Žižek gives little direct explanation in support of his seemingly disparate statements, but before one charges his analysis with incongruity, perhaps one should consider that this may simply be yet another instance of which Žižek’s work is often accused: an occasional laxness in the use of some philosophical concepts when a more rigorous use is called for. This paper considers the latter to be the case and not simply for the obvious reason that if there is a philosophical school that demands a rigorous treatment, it is the one Kant launched with his Critique of Pure Reason. More importantly, we find an implicit challenge in the very laxity of Žižek’s text, something which urges us to further extend his own defense of Lacan’s resuscitation of the cogito against contemporary attempts to discredit it. We thus consider this an opportunity to further demonstrate Lacan’s revolution in thinking subjectivity. To this end, we will seek to further specify the Lacanian subject qua spontaneity in terms of Kant’s key notions of transcendental apperception and transcendental imagination, through a detailed exploration of the nature of the relationship between these two faculties.

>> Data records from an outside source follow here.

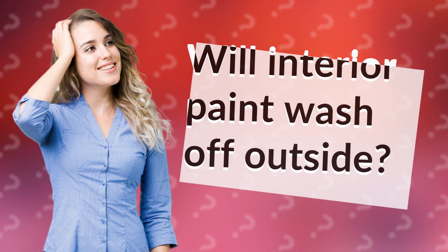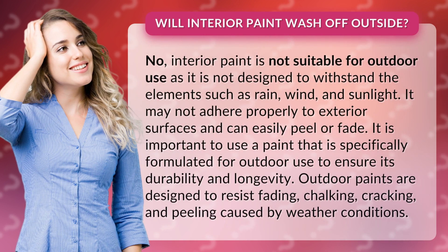Will interior paint wash off outside? No, interior paint is not suitable for outdoor use as it is not designed to withstand the elements such as rain, wind, and sunlight. It may not adhere properly to exterior surfaces and can easily peel or fade.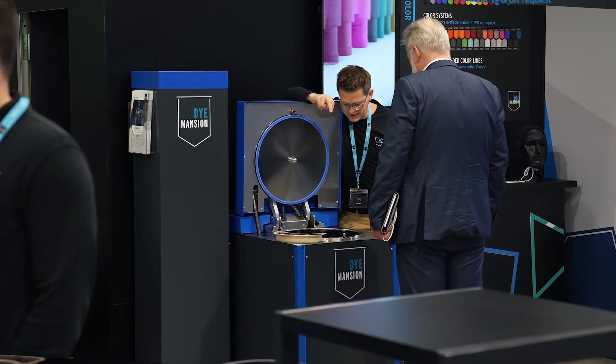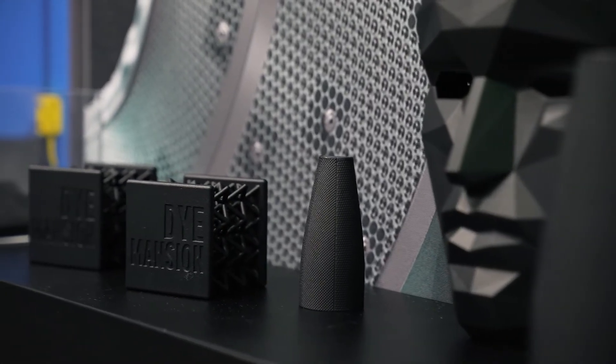So why did we develop the DM60 Black Line? In the past years we have seen a significant increase in the demand for dyeing grey parts in black.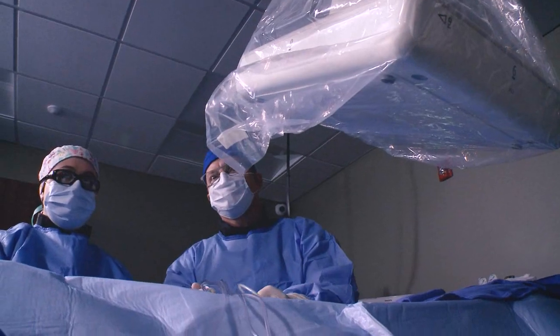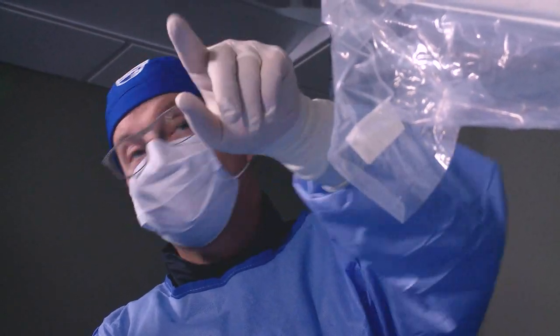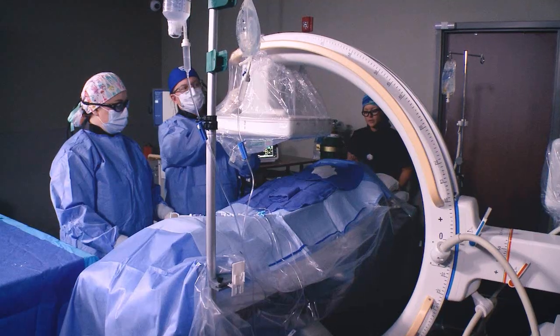One of my greatest concerns was being able to deliver a quality product in an office-based setting. I'm very used to and was trained on a fixed unit in a hospital setting. I was only going to do this adventure if we could guarantee that the imaging would be equivalent to what we could get in the hospital.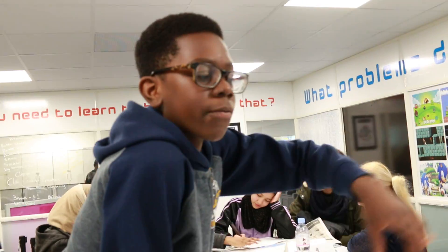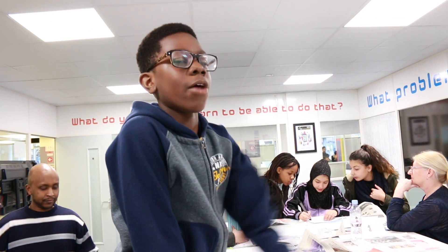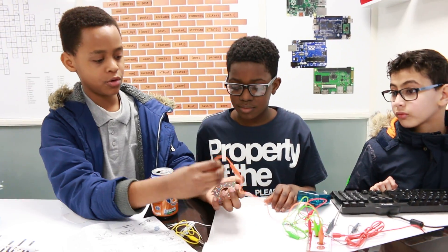With Makey Makey, instead of using the keyboard for virtual pianos and stuff, you can actually interact with other objects. For example, you can get a whole bunch of bananas and make them into a piano. The good thing about this is that you can use different objects.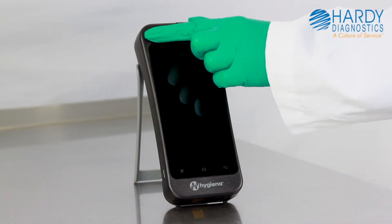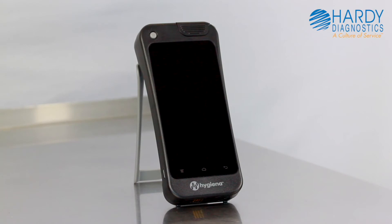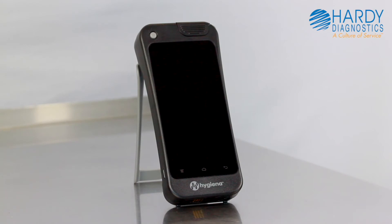To wake it up from sleep mode, simply press and release the power button. It may take one to three seconds to wake up. Be sure not to press the button again during the three second window or you'll put it back to sleep.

In this part of the paper, we discuss three Kantian commentators and consider their respective thoughts on spontaneity. We begin with an examination of the issue by making use of the work of the authoritative contemporary Kantian interpreter, Henry Allison, and then proceed to Heidegger’s work on Kant before we conclude with an examination of Žižek’s criticism of the latter’s thesis. This strategy will hopefully position us to more fully appreciate Žižek’s particular reading of spontaneity in the Critique of Pure Reason, a feature Žižek insists is essential to any proper notion of (Lacanian) subjectivity.